Steph, I bet you more than anyone will connect with that story and the setting. Thank you for buying Rx in Russian.

Mona Risk said...

Thank you Liana-- I can rhapsodize about my trips to Belarus forever and I still have friends there.

Savanna Kougar said...

Mona, congrats on your release. It's a surefire winner. I would loved to have traveled as you have.

Maggie Toussaint said...

What a fun post! I love hearing about your days in Minsk and surviving in another culture. You had such a great attitude and really took it to heart.

I enjoyed the photos and hearing about all the vodka. You must have been very surprised about knocking back swigs of straight stuff. I can't imagine, but I'm very curious as to whether it worked with illness or not. Did it make you better? Or did it make you not care that you felt icky?

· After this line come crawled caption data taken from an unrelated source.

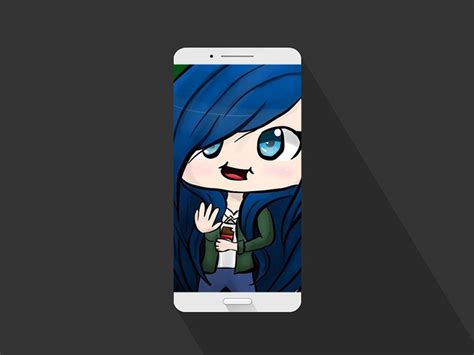 Itsfunneh 4k Wallpapers For Android Apk Download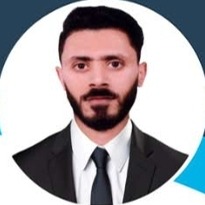 السيد ماجد شرف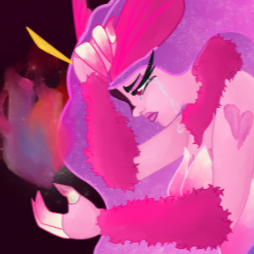 MoonMoth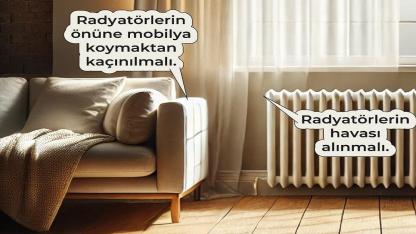 Evde hiç bir harcama yapmadan FATURAYI yüzde 25 düşürün!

Wishing you all the best with this fantastic release!

Maggie

Barbara Monajem said...

Brrrr! I'm shivering just thinking about no heat for months and months.

Congrats on the release!

Mona Risk said...

Thank you Savanna. Traveling was part of the business. There was fun, but then there was work under difficult conditions.

Mona Risk said...

Hi Maggie, as you said after a few drinks I couldn't feel anything. LOL

Mona Risk said...

Barbara, there was no place to hide from the cold. I bought local chapka and mohair shaw to survive.

Mona Risk said...

A big thank you to Lindsay for having me on Lindsay's Romantics. It's such a beautiful blog.

Mary Marvella said...

Mona, you are a fabulous blogger.Your adventures and pictures make me feel I was with you. Let me get my sweater! I'm excited for you, girl!

Let's party!

Margaret Tanner said...

Hi Mona,
Great blog. I have always thought I would like to visit Russia, but the cold sort of puts me off. I'd definitely have to go in summer.

Cheers

Margaret

Mary Ricksen said...

Mona, You'e the tiniest one in the room, and the prettiest amongst all the officials!!
I envy you the experience!

Mona Risk said...

Mary, no need for a sweater. Make yourself a cup of shaye, relax in your favorite chair and enjoy Rx in Russian. You'll visit Belarus.

Mona Risk said...

Margaret, definitely go to Russia in June or July. Why should you suffer if you don't have to?

Mona Risk said...

Mary, I was definitely the shortest, even when the chapka gave me a few extra inches in height!

Nightingale said...

Great photos and most interesting post. What wonderful places you go, Mona. I know Prescription in Russian will be a best seller!

Paisley Kirkpatrick said...

Best of luck, Mona. Your photos and story never cease to amaze me. What an exciting life you've lived and how wonderful you are able to share some of these experiences with your readers. :)

Mona Risk said...

Linda, thank you so much for your confidence in me. Rx In Russian is a one of my favorite books. I do hope it sells well.

Mona Risk said...

Hi Paisley, I enjoy taking my readers in unusual trips to exotic places. Come along.

Lilly Gayle said...

Mona,
Finally got around to checking out your post.So glad I did! What great pictures and an interesting peak at Russian life. Your book sounds great. I'm adding it to my TBR list. If you don't mind say, what kind of work did/do you do that allowed you to travel to such exotic locations? sounds fun!